Genome-wide analysis of SHORTROOT targets in the Arabidopsis root stele

Asymmetric cell division (ACD) and positional signals play critical roles in the tissue patterning during multicellular organ development. In the Arabidopsis root meristem, two major phloem cell types arise via ACDs of distinct origins: one for companion cells and the other for proto- and metaphloem sieve elements. The molecular mechanisms underlying each of these processes have been reported, however, how these two are coordinated has remained elusive. Here, we report that SHORTROOT (SHR) is the key coordinator of two ACD processes for phloem development. SHR moving into the endodermis regulates ACD for companion cells by turning on microRNA165/6. ACD that generates phloem sieve elements is mediated by SHR moving into phloem precursors.
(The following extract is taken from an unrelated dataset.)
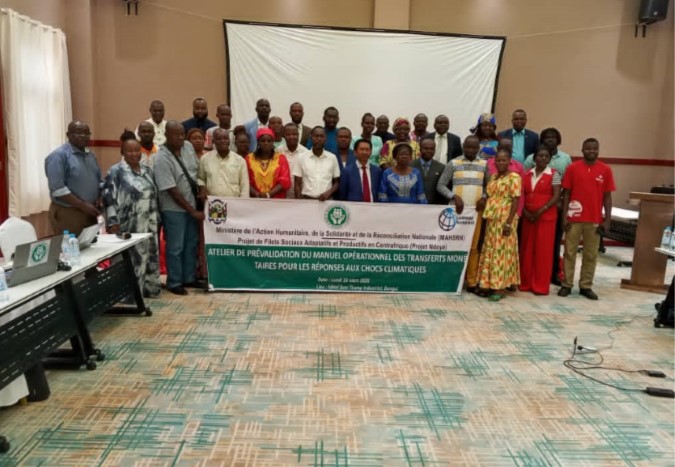 Centrafrique : le projet Ndoyé, une réponse aux chocs climatiques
To find the downstream targets of SHR in the stele, pCRE1::erGFP was introduced into wild type and shr-2 backgrounds to express GFP in the stele cells in the root meristem. We then collected GFP-expressing stele cells from the wild type, shr-2 and pCRE1::SHRΔNLELDV:nlsGFP; shr-2 through Fluorescence Activated Cell Sorter (FACS). RNAs were extracted from the sorted cells of each line and processed for generating labeled probes to be hybridized onto GeneChip Arabidopsis Tiling 1.0R Array (Affymetrix). We then examined the influence of SHR on phloem enriched genes in the tiling array data. In this analysis, we found 224 genes that are down-regulated in shr-2 in comparison to the wild type and then restore expression in pCRE1::SHRΔNLELDV:nlsGFP; shr-2. A total of 7 data (2 replicates of pCRE1::erGFP;shr-2 mutant, 2 replicates of pCRE1::SHRΔNLELDV:nlsGFP; shr-2, 3 replicates of pCRE1::erGFP in the wild type Col-0) are submitted. Three genotypes were germinated and grown for 6 days on MS agar media with 1% of Sucrose. Protoplasts from these roots were isolated and sorted through FACS, and then RNA transcripts collected from GFP expressing protoplasts were profiled on the Arabidopsis Tiling 1.0R Array.